Our twin sons Mark and Eric were born three months premature. Mark weighed just 2 pounds, 15 ounces at birth. Eric was even smaller at 1 pound, 14 ounces. As a result, both developed a severe form of cerebral palsy undergoing more than 50 surgeries and procedures in their combined lifetimes.
Because of the twins’ diagnosis, our family required a complex stockpile of medical devices to ensure they could live active and meaningful lives. They used feeding tubes to eat, wheelchairs for mobility, special air mattresses to prevent bed sores, as well as an array of respiratory equipment — from CPAP machines to trach vents to continuous oxygen. We even installed an elaborate lift system to assist them with getting in and out of their beds and showers. Our house looked like the intensive care unit at a hospital.
The financial cost of this medical equipment was staggering. We depended on the boys’ Medicaid coverage to help pay for it. Mercifully, our sons qualified for a special Medicaid waiver program that allowed them to live at home with us rather than in a hospital. But even that program had its limits. As patients age, their qualifications change — leaving families with a lack of support and struggling to access essential care. Simply put, our nation’s coverage system isn’t ensuring Americans have access to the innovative medical care they need to live meaningful lives.
Innovative medical technology is what allowed our sons not only to survive, but thrive and become outstanding, contributing members of their community. Access to medical breakthroughs and innovative care positively impacts not just the patients themselves, but also their families and the communities they dedicate their lives to. But medical innovations are meaningless if patients aren’t able to afford or access the treatment options. And oftentimes it’s the most vulnerable patients who face the highest hurdles to access care. That is why we need coverage policies that keep pace with innovation.
In 2018, I was diagnosed with glioblastoma, a brain cancer for which at the time of my diagnosis the average length of survival was just 13 months. At that time, I was faced with the prospect of navigating our complex health care system to secure coverage for an innovative medical device that disrupts the growth of cancer cells and helps to slow the progression of this deadly disease.
While our private insurance ended up covering the device, other glioblastoma patients on Medicare have at times struggled to gain coverage for the use of this groundbreaking treatment. Work is now underway to expand this device’s use to treat other forms of cancer. But even if the expanded device applications are eventually approved by the Food and Drug Administration (FDA) for those cancers, it’s not clear whether patients will ever be covered under the existing Medicare rules.
When it comes to coverage, there can be up to an 8-year time gap between when the FDA has approved the device and when the Centers for Medicare and Medicaid Services (CMS) approves coverage — or what I call “the valley of death.” CMS could do away with that valley by modernizing its coverage rules for innovative devices and ensuring there is an expedited pathway from FDA to Medicare approval. If they don’t, Congress should.
Through all the challenges and complexities that my sons faced, Mark and Eric’s experience taught us the importance of patience and positive thinking. Mark had a wicked sense of humor. He died from a blood clot when he was 21. Eric loved the Colorado Rockies and proposed to his high school sweetheart just three weeks before he passed away. She accepted. He was just 23. They touched so many people during their lives that more than 600 people attended each memorial service.
We used to tell the kids, “Live life fully, until you don’t.” I’m trying to live by that same mantra — to live life fully until we don’t, especially in the face of glioblastoma. We had a party in my hospital room with pizza and drinks before my brain surgery and we continue to make the most of the days we have together, however many there are.

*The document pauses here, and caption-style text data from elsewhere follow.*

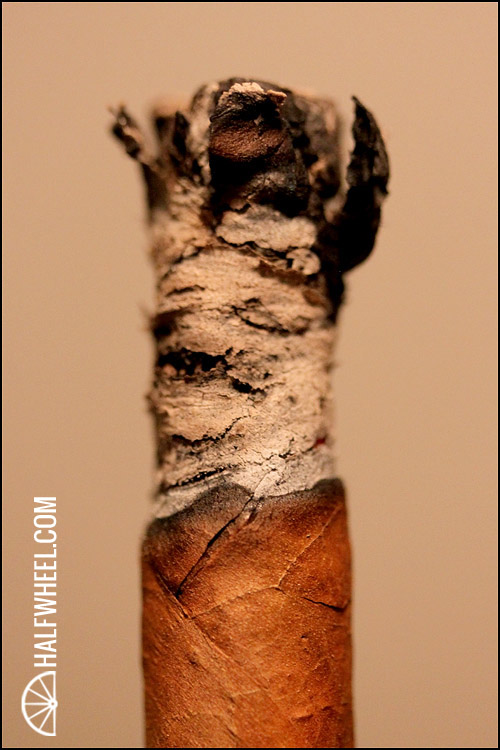 大卫杜夫 1 号 5.jpg 大卫杜夫 1 5 号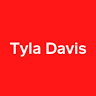 Mrs Ts Designs
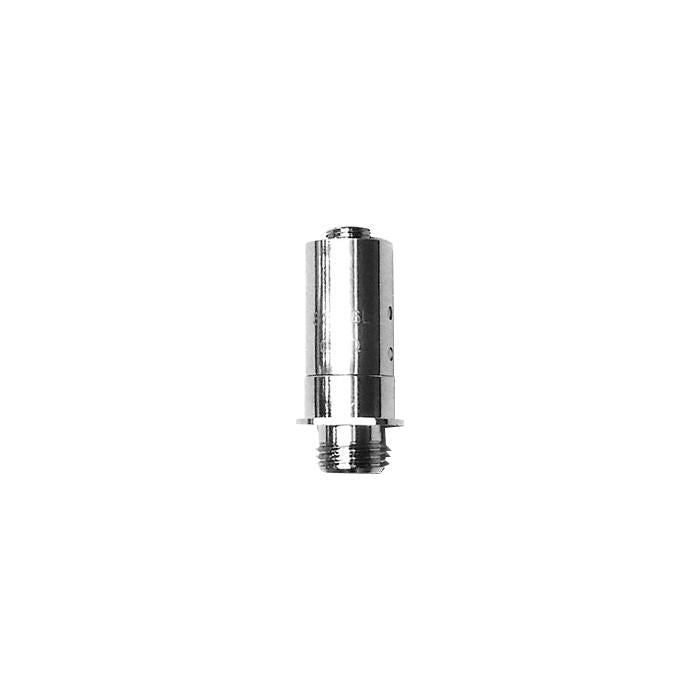 Innokin Iclear 20d Coils 0.5 Ohm (5-pack)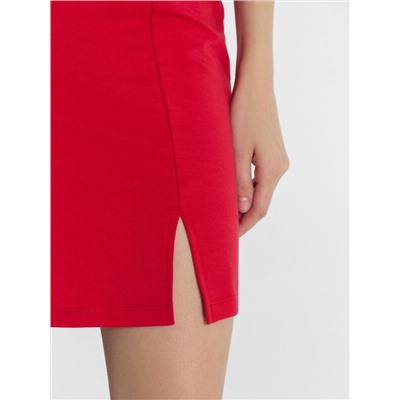 САРАФАН ЖЕНСКИЙ 152634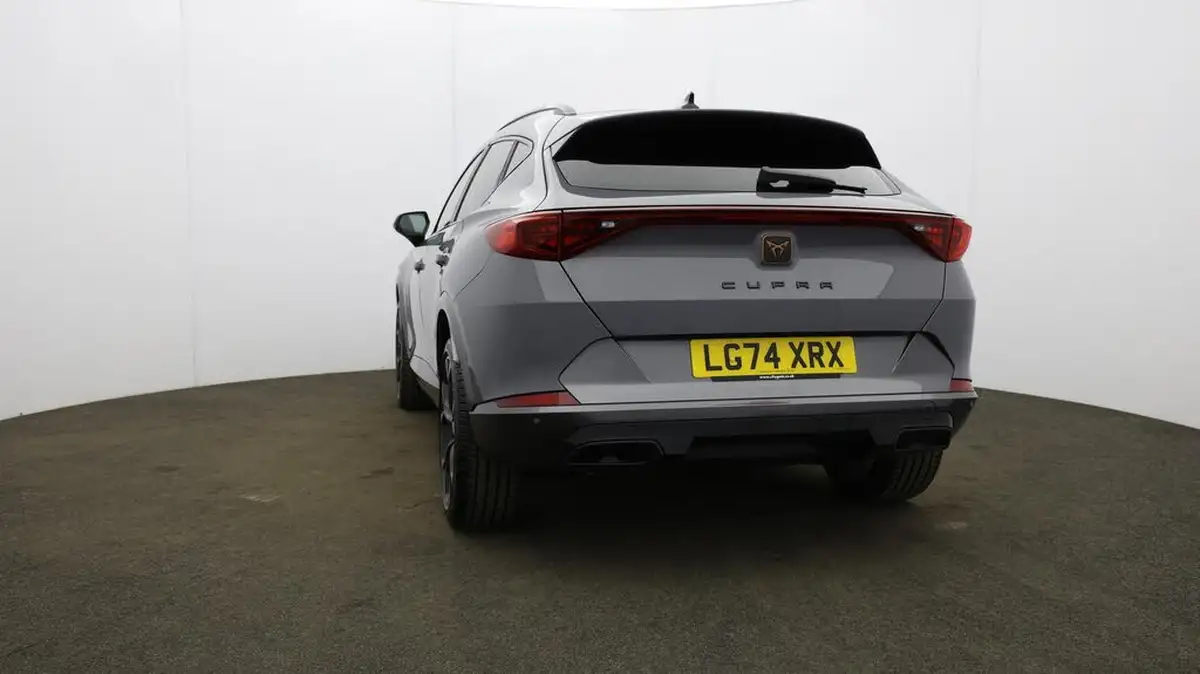 2024-cupra-formentor-15-tsi-v2-dsg-big-57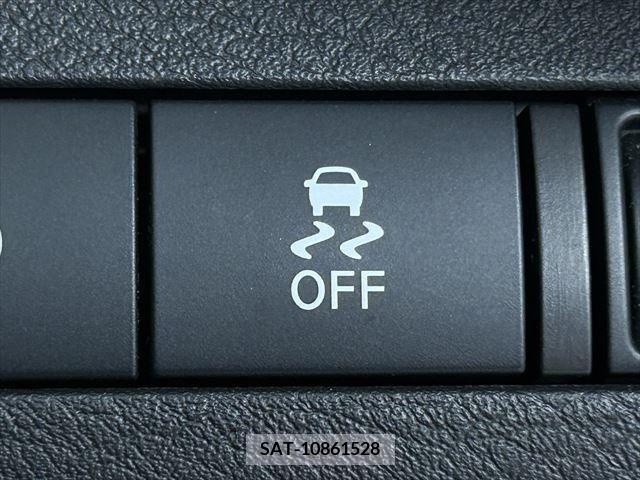Nissan KICKS 2022-03 314980-4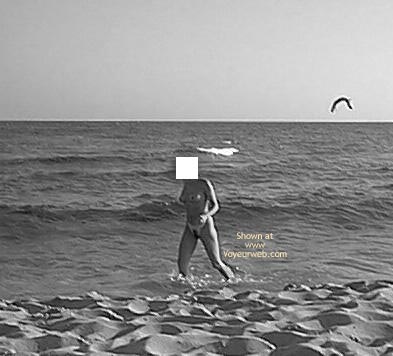 Pic #1Esibizione Esagerata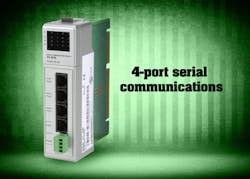 Aw 26482 P3 Scm Launch 5x7 Aw 26482 P3 Scm Launch 5x7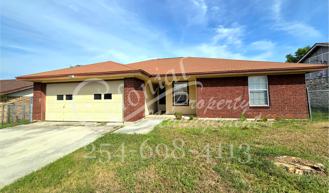 214 Robertstown Rd - Photo 1 of 1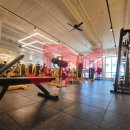 제이엠 휘트니스 이미지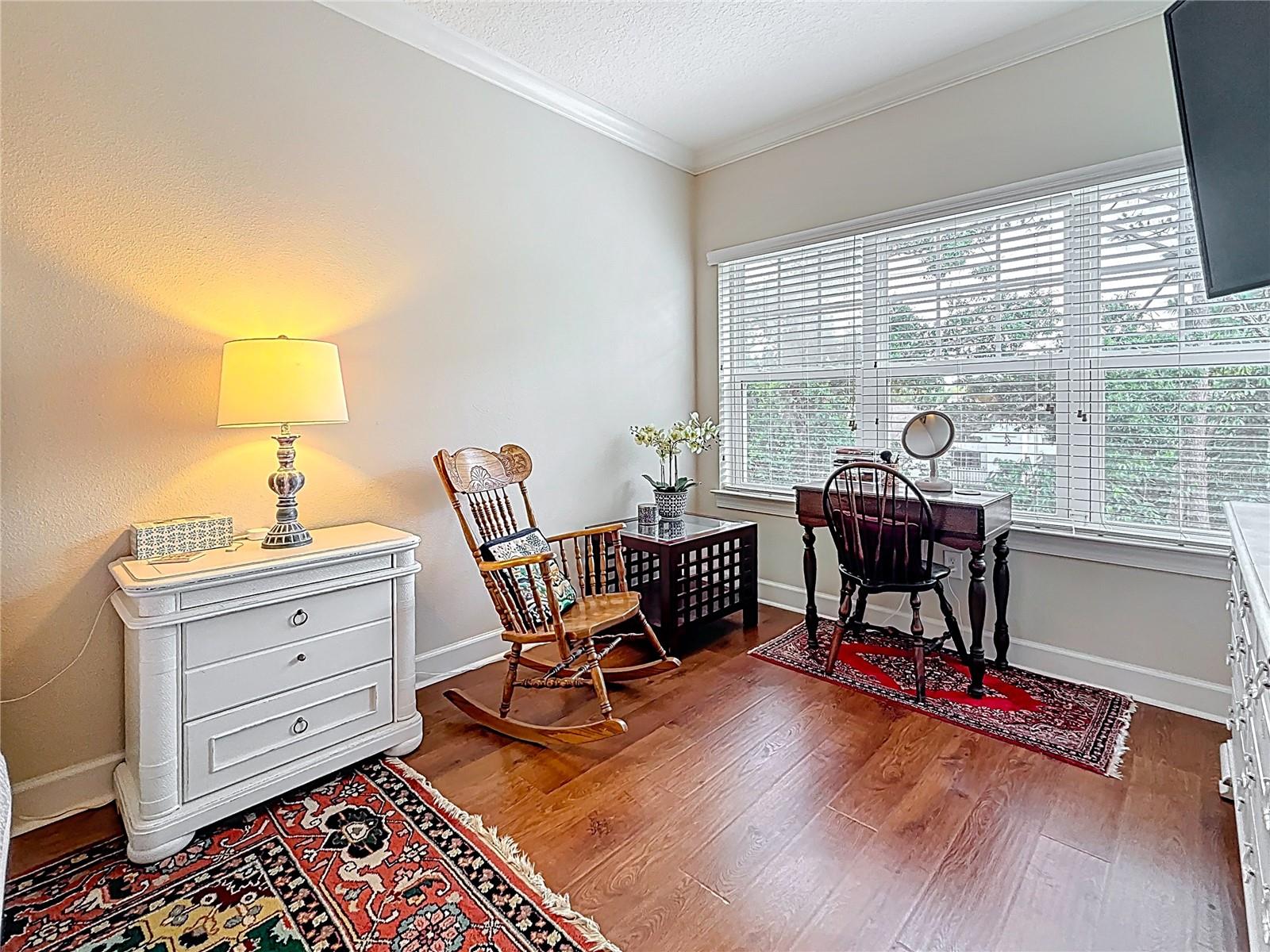 Image 47 of 72 For 3138 Nautical Place S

We don’t get to choose what happens to us, but we do get to choose how we respond. Like Mark and Eric, I’m choosing to confront this life-threatening terminal diagnosis with the same energy and gratitude they did. Adversity leads to opportunity, and in this instance, cancer doesn’t know who it’s messing with.
Bruce Stahlman serves as the chief financial officer of arc Thrift Stores, a Colorado-based non-profit. Bruce lives with his wife Kelly in Littleton, Colorado and volunteered to share his story with Novocure, maker of the medical device used to treat Bruce’s glioblastoma.